On 01/16/2011 8:34 AM, Edward Diener wrote:
That is very nice to say, but the library is for Boost which does try to still support gcc3+. I know it compiles without error in gcc4+. I should have been more explicit when I notated 'gcc3+' to ex0plain that I meant gcc3 versions and not gcc4 versions.
I would have dropped the '+' ;-) I'm all about supporting the widest possible variety of compilers, but note that the last GCC 3 release was nearly five years ago. I'm sure that there are plenty of other things in Boost that it can't handle.
Those are just specializations of:
template<class T> struct eval;
There is no reason SFINAE should be involved.
It's the same principle; rather than attempting to substitute class members, the compiler is substituting the parameters of the template class F. At any rate, I don't know another name for the concept.
template<class T, class P = noparam> struct ptmf { typedef int type; typedef ptmf<T, P> is_unary; };
template<class T, class P1, class P2> struct other { typedef int type; typedef other<T, P1, P2> is_binary; };
template<template<class> class F, class P1> struct eval<F<P1> > : typename F<typename P1::type>::is_unary {};
template<template<class,class> class F, class P1, class P2> struct eval<F<P1, P2> > : typename F<typename P1::type, typename P2::type>::is_binary {};
I do not follow this. Your is_unary and is_binary are typedefs within 'ptmf' and 'other' templates.
The idea was to give g++ a little more information to help resolve the eval<> ambiguity; when 'ptmf' is substituted for 'F', there is no nested ::is_binary and the second specialization cannot apply, but the first specialization resolves and in fact yields the same type that it would have without the '::is_unary'. Unfortunately, that doesn't seem to be enough help for GCC 3.4.6. I did, however, get your example to compile by refactoring a bit: if you change the template parameters for ptmf to 'template<class T, class P = noparam, class Unused = noparam>', then you can eliminate the first specialization of eval<> but provide additional specializations for the cases where P2 is noparam or P1 and P2 are both noparam, e.g. struct nullary_op {}; struct unary_op {}; struct binary_op {}; template <template<class,class> class F, class P1, class P2> struct eval<F<P1,P2> > : F<typename P1::type,typename P2::type> { typedef binary_op category; }; template <template <class,class> class F, class P1> struct eval<F<P1,noparam> > : F<typename P1::type,noparam> { typedef unary_op category; }; template <template <class,class> class F> struct eval<F<noparam,noparam> > : F<noparam,noparam> { typedef nullary_op category; }; where ::category is just a type tag to help you differentiate between the types of eval<> elsewhere in the framework.
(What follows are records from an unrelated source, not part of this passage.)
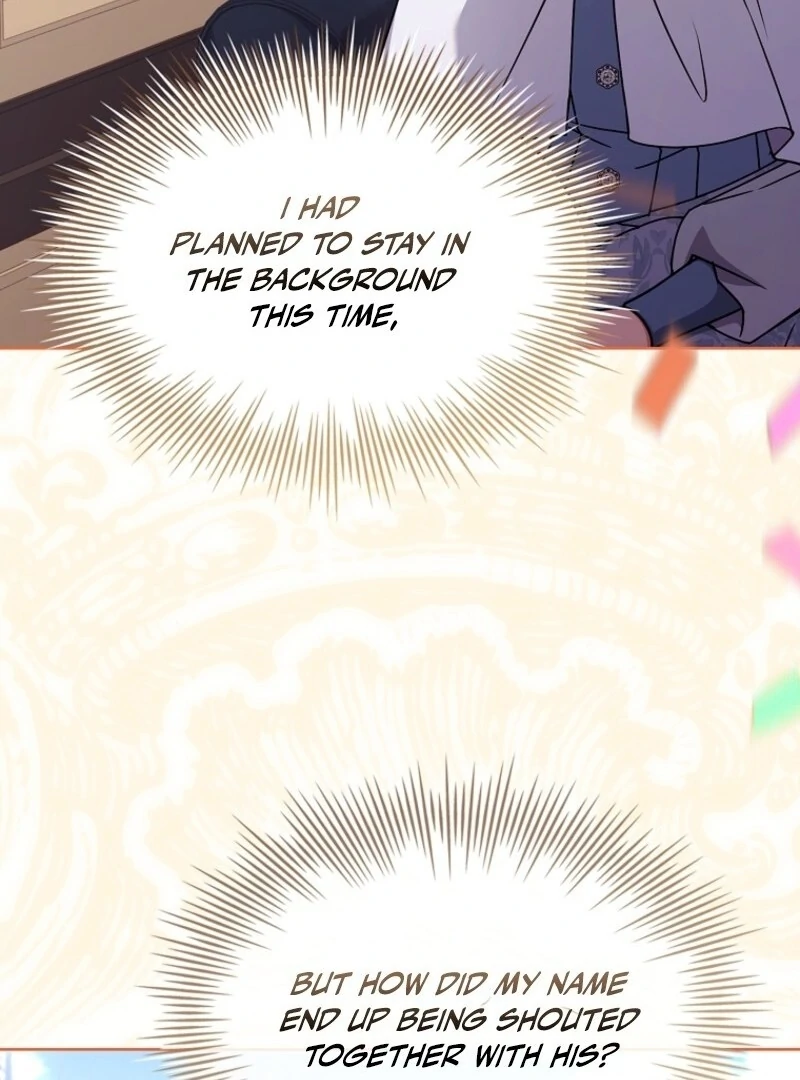 Read The Lady Wants To Rest Manga Online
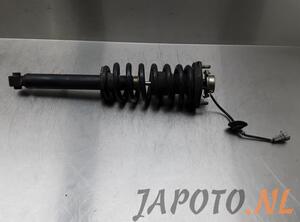 Federbein links vorne Toyota Supra A7  P2074796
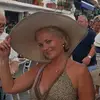 Jayne Croucher - @jayne.croucher - TikTok
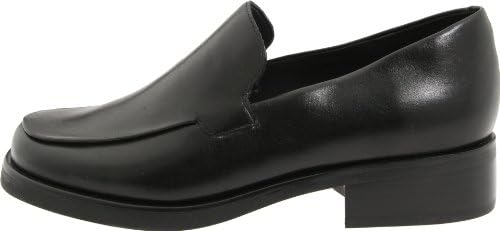 Franco Sarto Women's Bocca2 Slip-On Loafer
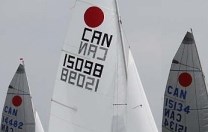 2023 Canadian Championships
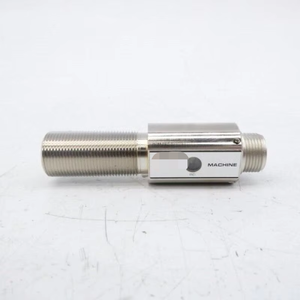 FR12AM32AB NSNP Nuevo Original Listo Stock Automatización industrial PAC Controlador de programación PLC dedicado - Product Image 1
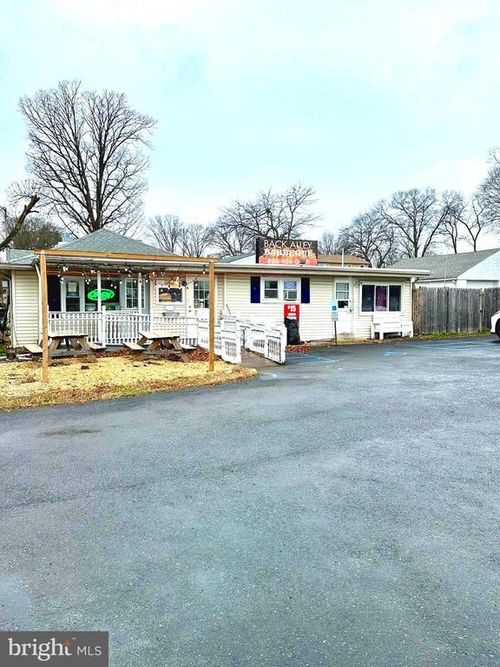 2591 Haddonfield Rd, Pennsauken, NJ, 08110-1105 | Card Image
This compiles as-is under GCC 3.4.6, and requires that you change the first declaration of eval ('template <class F> struct eval;') to a concrete definition ('template <class F> struct eval {};') under GCC 4.4.4 and 4.5.2 (also legal under 3.4.6.) I don't know how well this solution fits into the rest of your library, but I hope it at least provides some ideas.